Enhancing Robustness in Audio Deepfake Detection for VR Applications using data augmentation and Mixup
PubDate: Otc 2024
Teams:AKCIT Federal University of Goiás
Writers:Gustavo dos Reis Oliveira, Rafaello Virgilli, Lucas Alcântara Souza, Lucas Stefanel Gris, Evellyn Nicole Machado Rosa, Isadora Stéfany Rezende Remigio Mesquita, Daniel Tunnermann, Arlindo Rodrigues Galvão Filho
Abstract
The rapid advancement of virtual reality (VR) technology has heightened the need for robust and reliable deepfake audio detection to ensure the authenticity and integrity of virtual interactions. Although current state-of-the-art models exhibit promising results, they are often overconfident, which can lead to poor generalization and reduced effectiveness against novel or slightly altered deepfake attacks. In this work, we investigate the application of data augmentation techniques and Mixup techniques to increase the diversity of training data and improve the generalization of deepfake audio detection models.
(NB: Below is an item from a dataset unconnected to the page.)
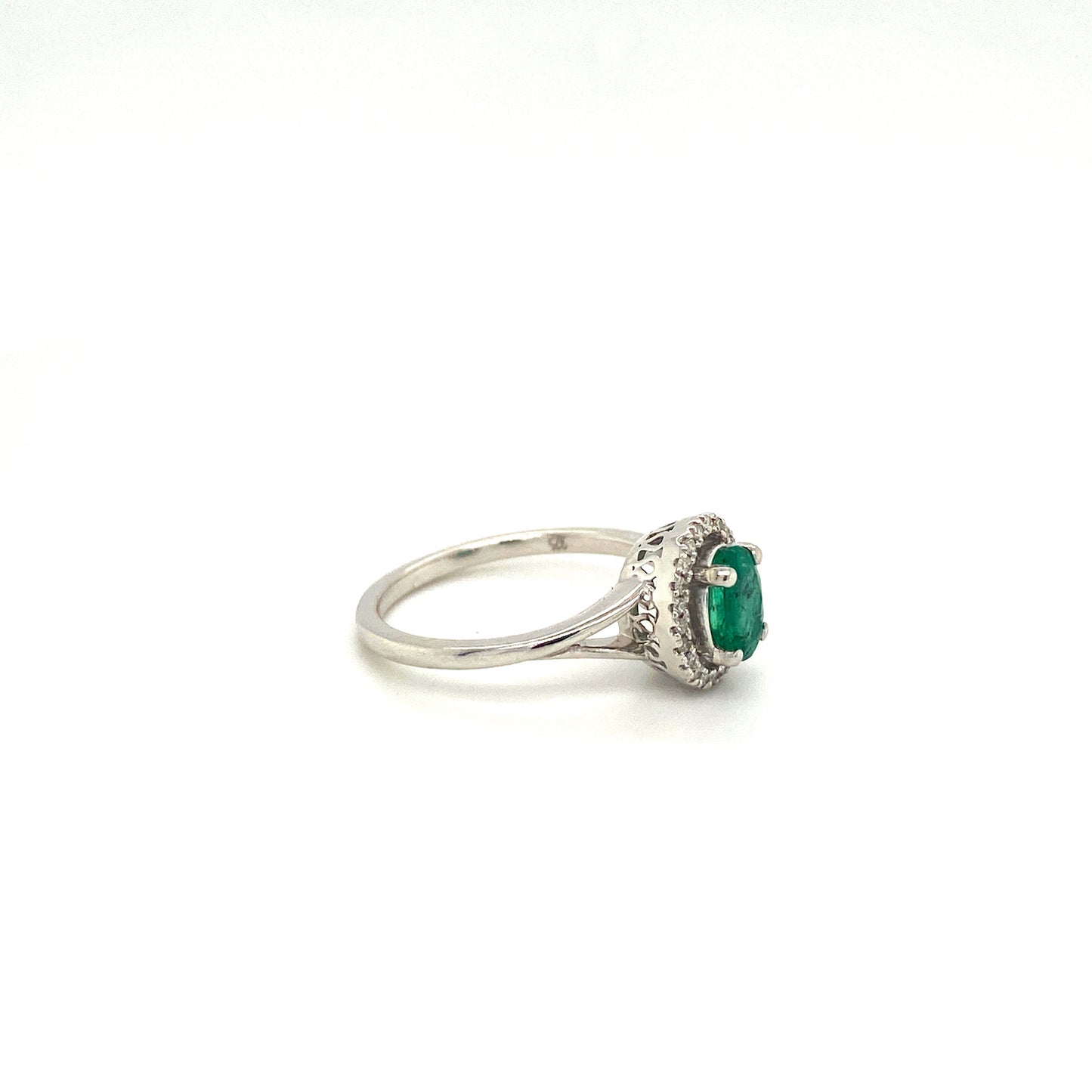 Natural Emerald Gemstone 925 Sterling Silver Ring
Mixup creates new training examples by combining pairs of existing examples, promoting smoother and more robust decision boundaries, while data augmentation creates new training examples altering a sample with a given probability. Our results demonstrate that applying such techniques to the Wav2vec 2.0 model significantly improves its generalization ability, leading to more reliable deepfake detection in VR environments.